Overnight & This Morning
- Asian stocks mostly positive as MSCI Asia-Pacific Index had its first weekly gain in three. Shanghai Composite rose as MSCI’s addition of A shares to its global indexes outweighed concerns about regulatory crackdown, increasing scrutiny on cross-border deals. Nikkei had slight gains on yen weakness.
- Europe slipped again. Poised to end week lower as food and beverages fell. Gilts led sovereign bonds lower.
- Pound rose ($1.27), paring weekly decline vs. dollar.
- As Brexit negotiations continue, approval growing from Germany’s Merkel toward U.K.’s May.
- Euro is up ($1.11) vs. dollar.
- Commodities – WTI oil is steady; headed for fifth straight weekly decline on oversupply concerns.
- Natural gas firming as production stabilized following Tropical Storm Cindy.
- U.S. stocks up slightly as oil ($42.95/bbl.) stabilizes.
- Dollar lower vs. major currencies, yield on 2-year Treasury ~1.34%.
- New home sales forecast +3.7% in May from April, which saw decline >10.0%.
- Financials – After the close yesterday, the Federal Reserve (Fed) released results of its stress tests, designed to show how the largest banks would perform under periods of extreme duress in the U.S economy. Thirty-four of the largest U.S. banks cleared the minimum thresholds for capitalization levels. Since 2008, the largest U.S. banks have added more than $750 billion in common equity capital, with a focus on more reasonable leverage, often including an emphasis on safer and less profitable businesses. In recent years, the banks have essentially figured out the process in order to succeed.

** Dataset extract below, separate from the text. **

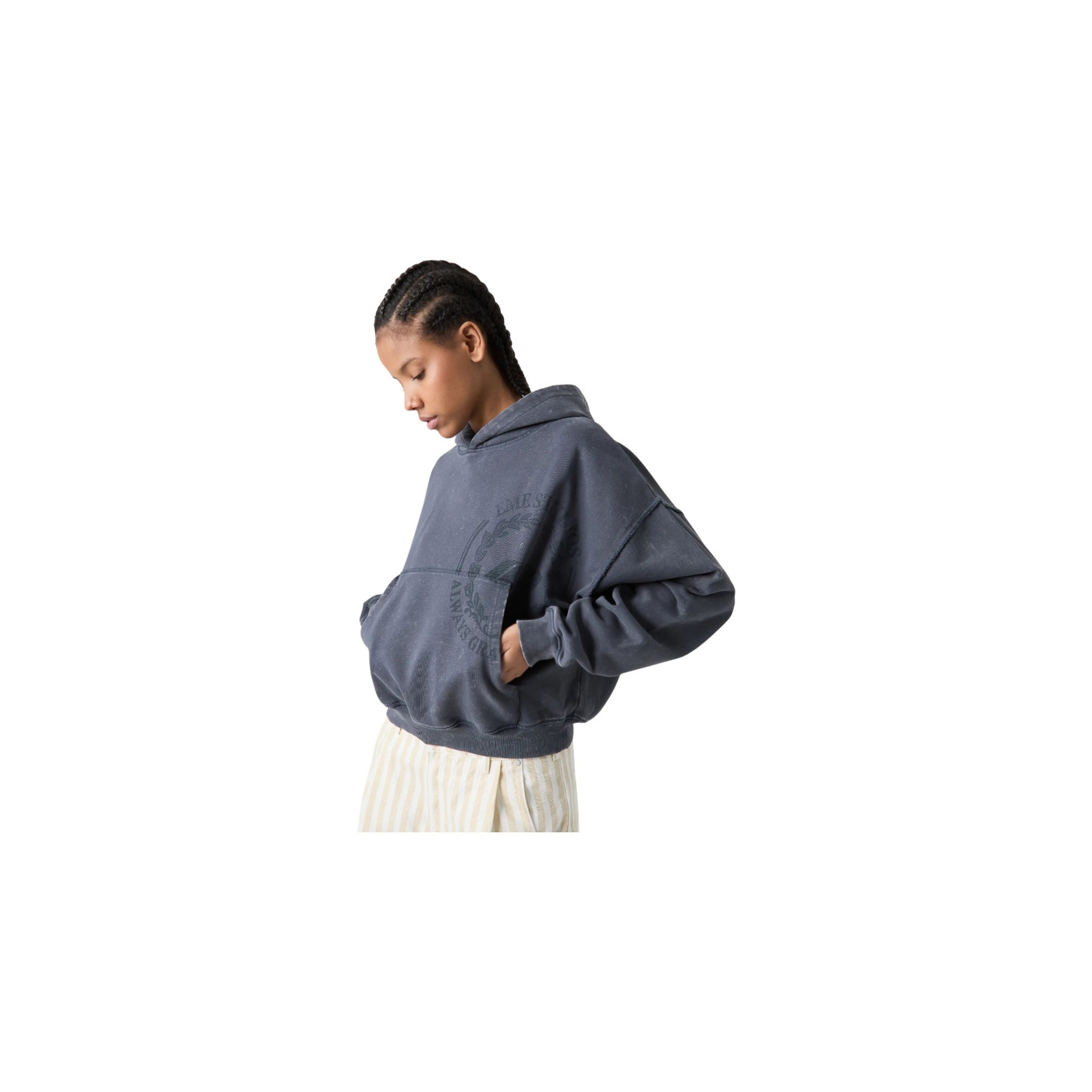 Eme Studios Min Ombre Blued Oversized Hoodie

- Next week, a more important report comes out for shareholders of the largest banks. The Fed will release its Comprehensive Capital Analysis and Review, which indicates whether banks can increase dividends and buy back shares. Given yesterday’s results, it appears that banks will be able to free up more than $100 billion to return to shareholders.
- Treasury Secretary Steven Mnuchin has proposed a less onerous review process going forward, including less frequent stress tests, exempting highly capitalized banks, and removing some of the toughest hurdles. In addition, changes in the Fed’s regulatory leadership, as well as the potential for a shift in the composition of the Fed’s Board of Governors next year, indicate the potential for increased lending.
- Our view remains favorable for the financials sector, considering valuations, dividends & buyback prospects, and improved net-interest margins from a steeper yield curve.
- Markit Mfg. & Services PMI (Jun)
- New Home Sales (May)
- France: GDP (Q1)
- France: Markit France Mfg. & Services PMI (Jun)
- Germany: Markit Germany Mfg. Services PMI (Jun)
- Eurozone: Markit Eurozone Mfg. & Services PMI (Jun)
- Russia: GDP (Q1)
- Canada: CPI (May)
Past performance is no guarantee of future results.
The economic forecasts set forth in the presentation may not develop as predicted.
The opinions voiced in this material are for general information only and are not intended to provide or be construed as providing specific investment advice or recommendations for any individual security. All performance referenced is historical and is no guarantee of future results. All indices are unmanaged and cannot be invested into directly.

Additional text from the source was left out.